Another senior lawyer had previously mentioned Sir Pat to Claire when he spoke with her about his daughter who was born prematurely, with a hearing impairment, and needed the services of Sir Pat.

Sir Pat was described as a “great ENT who was so gentle and had such a special way with children”.

“I distinctly remember saying to Chris ‘I’d like to help The Hearing House if an opportunity comes up’. Chris said something like ‘I’ll keep you in mind’.”

Claire also had a great uncle who was deaf and says when she was growing up she “saw how he was treated”.

“He was really isolated.”

Claire interspersed her 10-year law career with having three children, now aged 16, 14 and 11, and going back university to study for her PhD in law.

“Years later, when it came to returning to work, I thought I’d rather do board work than go back in to law.”

She joined The Hearing House Advisory Board in 2017 and as part of her introduction to the organisation she visited the Joyce Fisher Preschool.

“I was watching the kids [with cochlear implants] play and I was really touched.

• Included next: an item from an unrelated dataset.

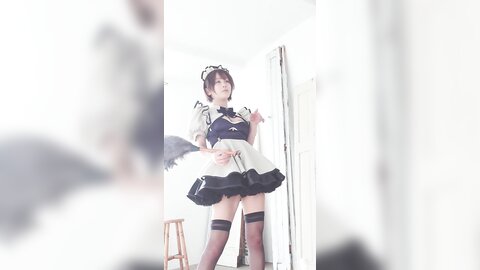 [Twitter] いくみ – (193iKkyu3) (10.11.2022) [2476P116V-1.04GB] (86)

It just blew me away. I thought, a few generations ago I wouldn’t have been witnessing this or connecting with the children in the manner that technology and the work done at The Hearing House now enables.”

Claire, who has a diverse legal and research background, says during her time on the board she became “really engaged” with the organisation and worked with some amazing board members and trustees.

“I feel very privileged to have had that position on the board. It helps in my position [as Chief Executive] to have that governance experience.”

Claire says she feels excited, humbled and fortunate to be in this role and follow on from former Chief Executive Scott Johnston, who retired in May.

“I feel hugely responsible. I don’t want to let people down. It’s about what I can do to help and serve.”

After going through the application process, Claire was appointed to the Chief Executive position and started in June.

Claire says she sees her role as one that will help build relationships, improve communications and break down barriers.

She wants to take the organisation “to the next level” as a centre of excellence.

“I want it to be a truly world class centre. Who knows where the research might lead us.

“I’d like to see us be the best we can.”